LayersRank
Research Whitepaperv1.0

Pedigree Bias in
Indian Hiring

The Hidden Cost of College-Based Filtering

Pages

15

Audience

HR & Leadership

Domain

Results & Research

Published

2025

Abstract

The Indian tech hiring market filters heavily on college pedigree. “IIT/NIT only” policies — explicit or implicit — exclude over 99% of engineering graduates before any evaluation of actual capability. This paper examines the evidence on what pedigree actually predicts, quantifies the cost of pedigree-based filtering, and presents data from LayersRank deployments showing how capability-based assessment identifies strong talent that pedigree filtering misses.

1

Executive Summary

Key Findings

01

IIT/NIT graduates represent less than 1% of Indian engineering talent.

Filtering to this pool excludes 99%+ of candidates before any evaluation.

02

Pedigree correlates with job performance, but weakly.

The correlation fades significantly after 2–3 years of work experience. For experienced hires, college brand has minimal predictive value.

03

Pedigree filtering has significant hidden costs.

Higher salary expectations, reduced diversity, smaller talent pools, and missed hires from non-target schools.

04

Capability-based assessment identifies strong non-pedigree talent.

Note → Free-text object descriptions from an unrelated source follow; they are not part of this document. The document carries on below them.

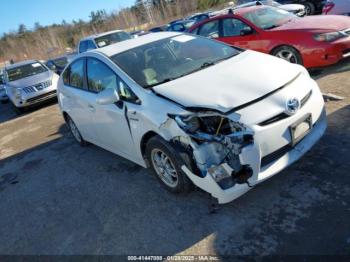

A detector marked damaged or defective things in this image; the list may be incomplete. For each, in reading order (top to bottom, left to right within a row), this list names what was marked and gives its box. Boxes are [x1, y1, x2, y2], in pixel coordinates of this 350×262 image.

crumpled hood [274, 15, 350, 32]
crumpled hood [6, 69, 52, 89]
crumpled hood [152, 50, 300, 113]
damaged front end [163, 110, 256, 205]
damaged front bumper [180, 108, 328, 205] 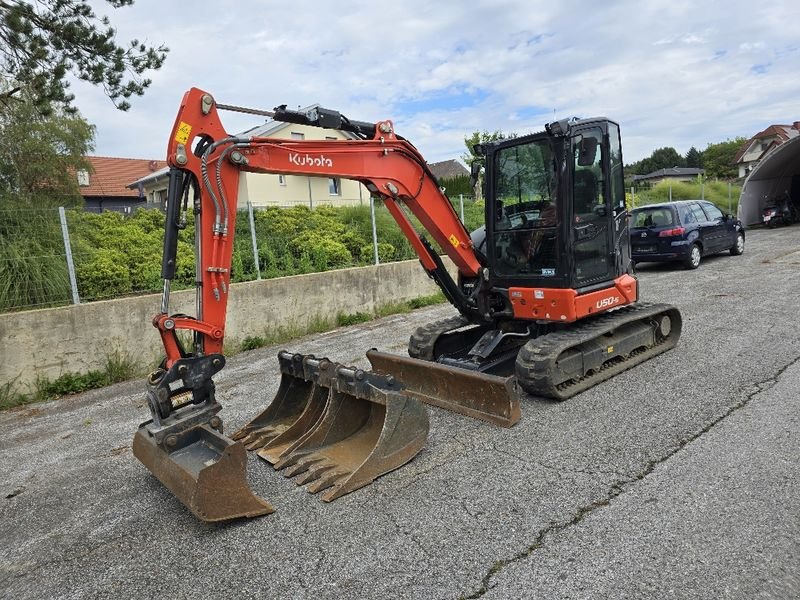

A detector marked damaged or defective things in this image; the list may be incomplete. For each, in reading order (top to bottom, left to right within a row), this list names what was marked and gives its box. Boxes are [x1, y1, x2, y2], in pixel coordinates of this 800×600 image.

cracked asphalt [0, 227, 796, 596] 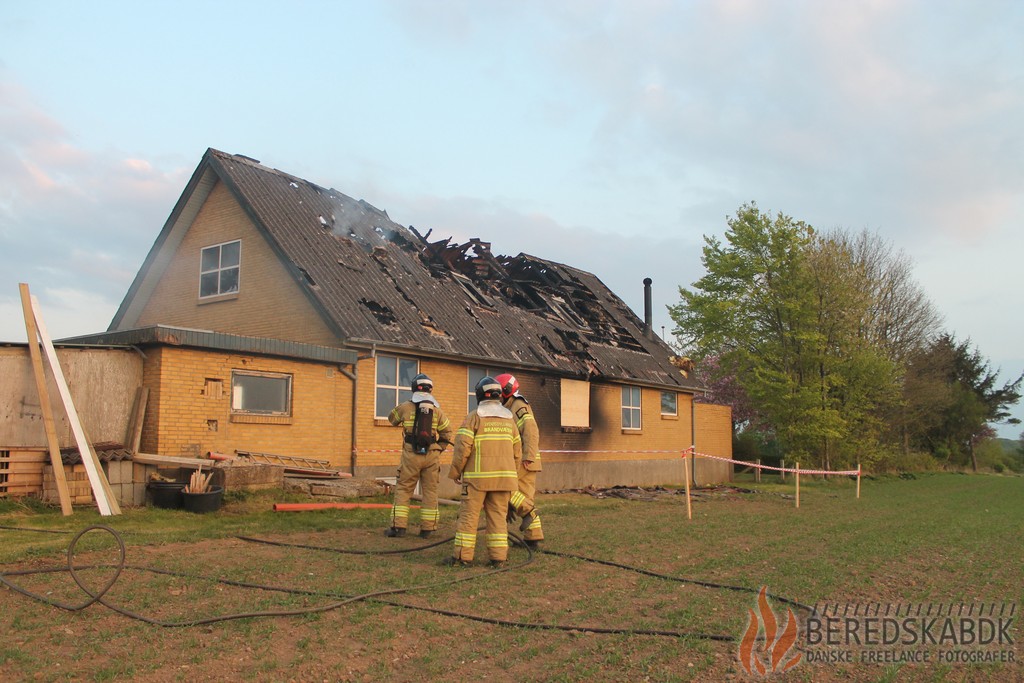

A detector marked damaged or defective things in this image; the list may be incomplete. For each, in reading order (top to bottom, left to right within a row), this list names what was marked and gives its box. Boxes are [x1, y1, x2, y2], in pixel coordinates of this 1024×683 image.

burned house [54, 149, 729, 491]
damaged roof [116, 149, 700, 393]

In LayersRank deployments, 30–40% of top-scoring candidates come from colleges that would fail traditional pedigree filters.

05

Companies can maintain quality standards while expanding pools.

The bar doesn’t need to lower — it needs to measure the right things.

Recommendations

Remove or de-emphasize college filters in first-round screening

Evaluate all candidates on demonstrated capability

Use structured assessment to ensure consistent standards

Track outcomes by college tier to validate approach

2

The Pedigree Landscape in India

2.1 The Numbers

India produces approximately 1.5 million engineering graduates annually from:

TierInstitutionsCountAnnual Grads% Total
Tier 1IITs23~16,0001.1%
Tier 1NITs31~20,0001.3%
Tier 1BITS, IIIT, top private~20~15,0001.0%
Tier 2State colleges, mid-private~500~200,00013.3%
Tier 3Regional colleges~3,000+~1,250,00083.3%

Total Tier 1: ~51,000 graduates (3.4%)

Non-Tier-1: ~1,450,000 (96.6%)

When companies filter to “IIT/NIT only,” they’re choosing from 2.4% of the talent pool.

2.2 How Pedigree Filtering Works

Pedigree filtering operates at multiple stages:

Explicit filtering

ATS rules that reject applications from non-target colleges. Job postings that specify “IIT/NIT preferred.”

Implicit filtering

Recruiters sorting resumes by college first. Interview panels unconsciously favoring candidates from familiar schools.

Network effects

Referral programs that over-represent current employee demographics. Campus recruiting that only visits target schools.

Resume ordering

Candidates from target schools getting more attention, faster responses, and benefit of the doubt in marginal cases.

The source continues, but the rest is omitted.